In my last question: Does $\sum _n \int_0^{\frac{\pi }{2}} \cos ^n(x) \, dx$ converge? I've managed to transform the expression using: https://en.wikipedia.org/wiki/Monotone_convergence_theorem
Could sb help me just with this transformation in a bit more complex example? How may I treat $(-1)^n$ inside the sum?
On
You do not need any closed formula here if you are just interested in convergence/divergence.

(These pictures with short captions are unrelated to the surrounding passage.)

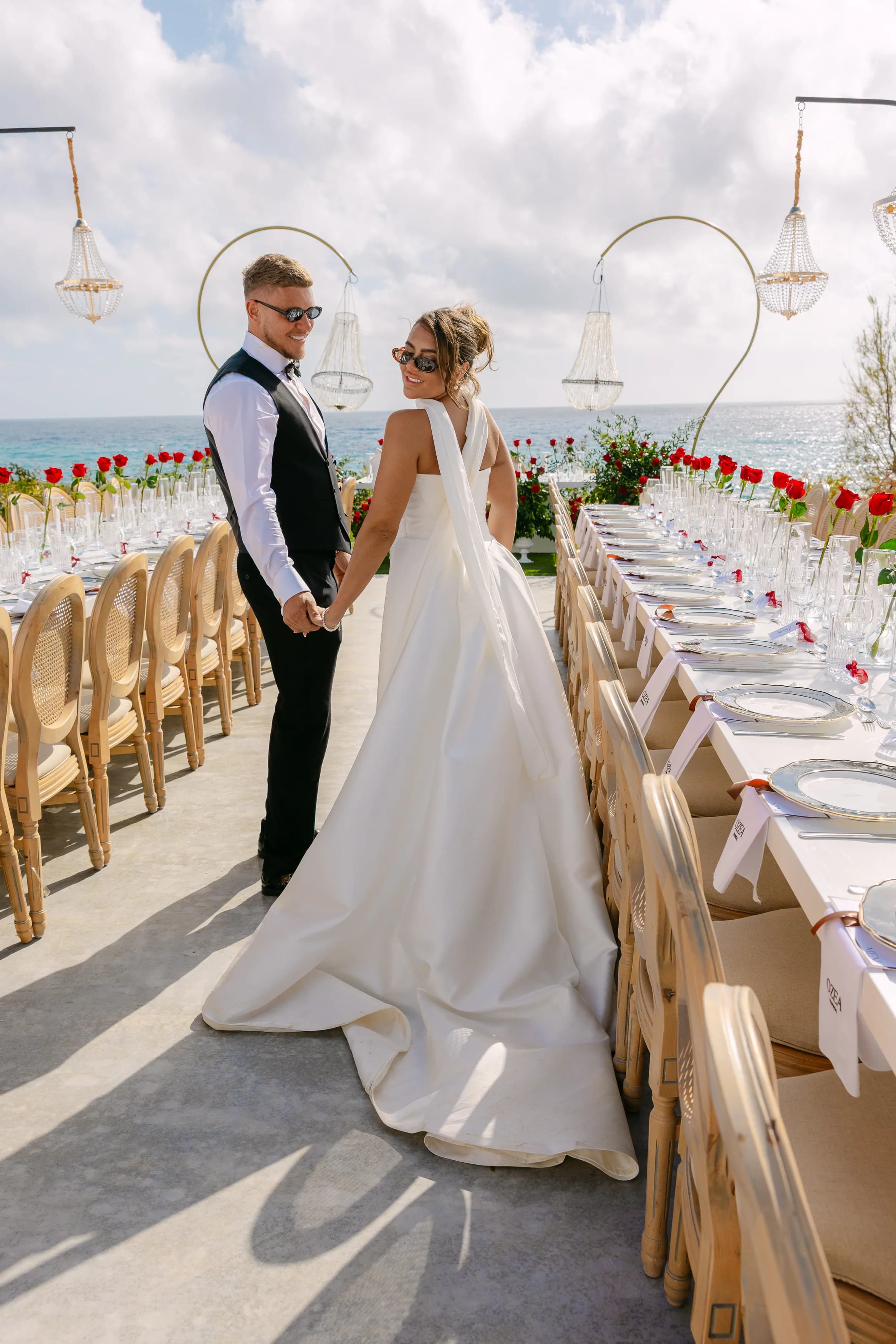 Bride and groom walking together past the banquet tables at Ozea.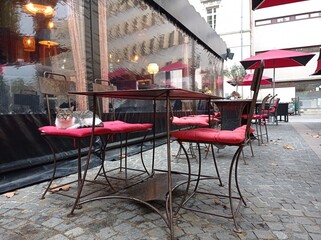 cat, parasol and red chair cushions on the outdoor  terrace of a  restaurant in Draguignan,  southern France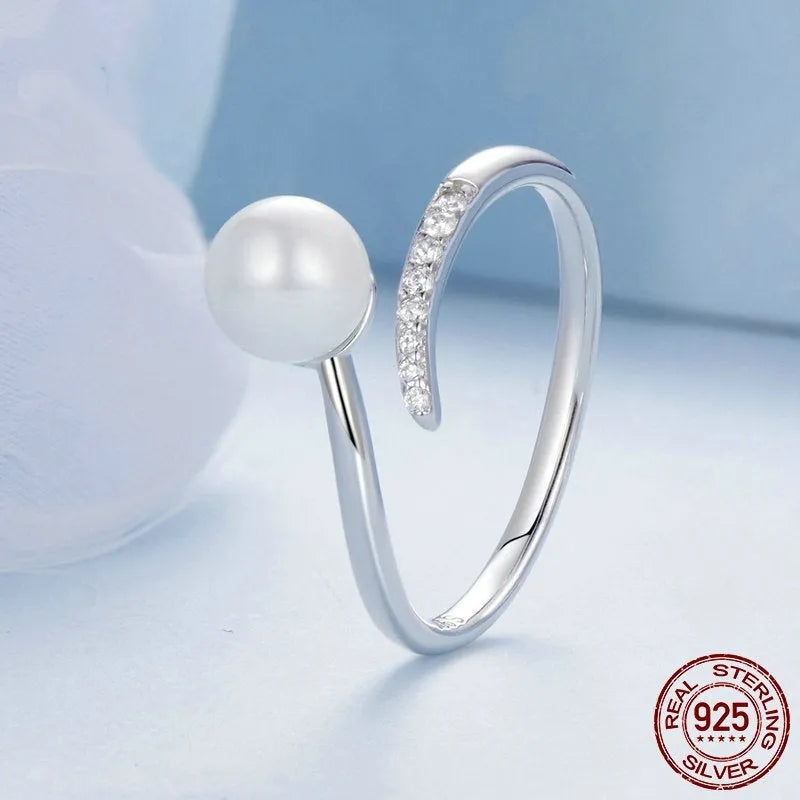 S925 sterling silver adjustable ring with natural shell pearls and opening loop design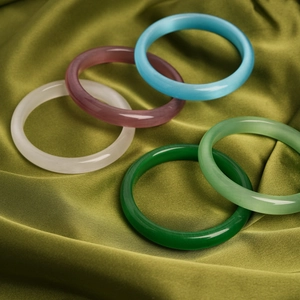 Detail view of multi-colored cat-eye stone bracelets on pleated green silk fabric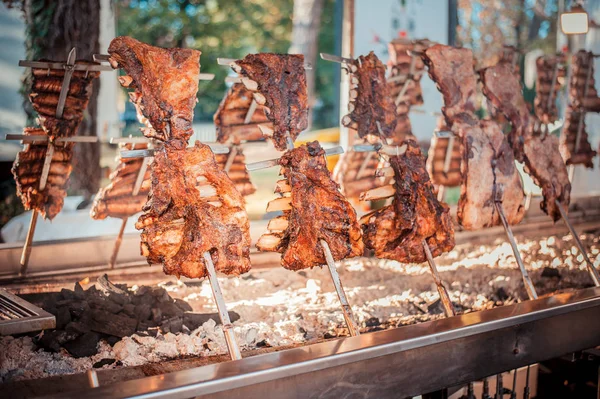 Traditional Argentinian asado roasted lamb grilled meat. — Stock Photo, Image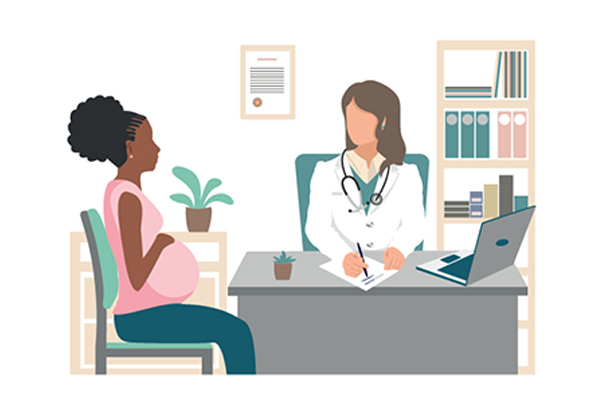 Pregnant woman sat with a doctor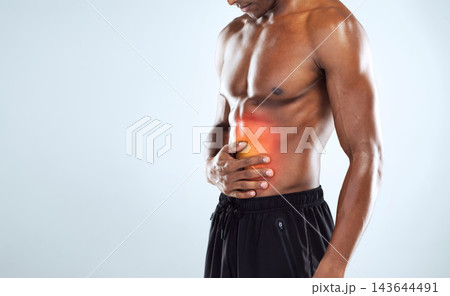 Man, stomach and muscle injury in studio for workout, training and gut health by white background. Person, bodybuilder and hands for pain in abdomen with red glow, exercise or fitness on mockup space Man, stomach and muscle injury in studio for workout, training and gut health by white background. Person, bodybuilder and hands for pain in abdomen with red glow, exercise or fitness on mockup space 143644491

$0< \cos x< 1$ on $(0,\pi/2)$. Therefore, $\cos^{n+1}x<\cos^nx$ on that same interval. By monotonicity of the integral, you also have $$ \int\limits_0^{\pi/2}\cos^{n+1}x\,dx<\int\limits_0^{\pi/2}\cos^{n}x\,dx. $$ Moreover, $\cos^nx\downarrow 0$ as $n\to\infty$ monotonically on $(0,1)$ and, consequently (monotonic convergence) $$ \int\limits_0^{\pi/2}\cos^{n}x\, dx\to 0. $$ Then it just remains to apply the Leibnitz test (Alternating series test) to conclude that your series is convergent.
For $\frac{\pi}{2}\ge x\gt 0$, $\sum_{n=0}^\infty (-cos(x))^n=\frac {1}{1+cos(x)}$. For $x=0$, the sum does not converge but the partial sums are bounded , either $=0$ or $=1$, so the integral is not a problem. I'll leave to you to get$\int_0^{\frac{\pi}{2}} \frac{1}{1+cos(x)}dx$.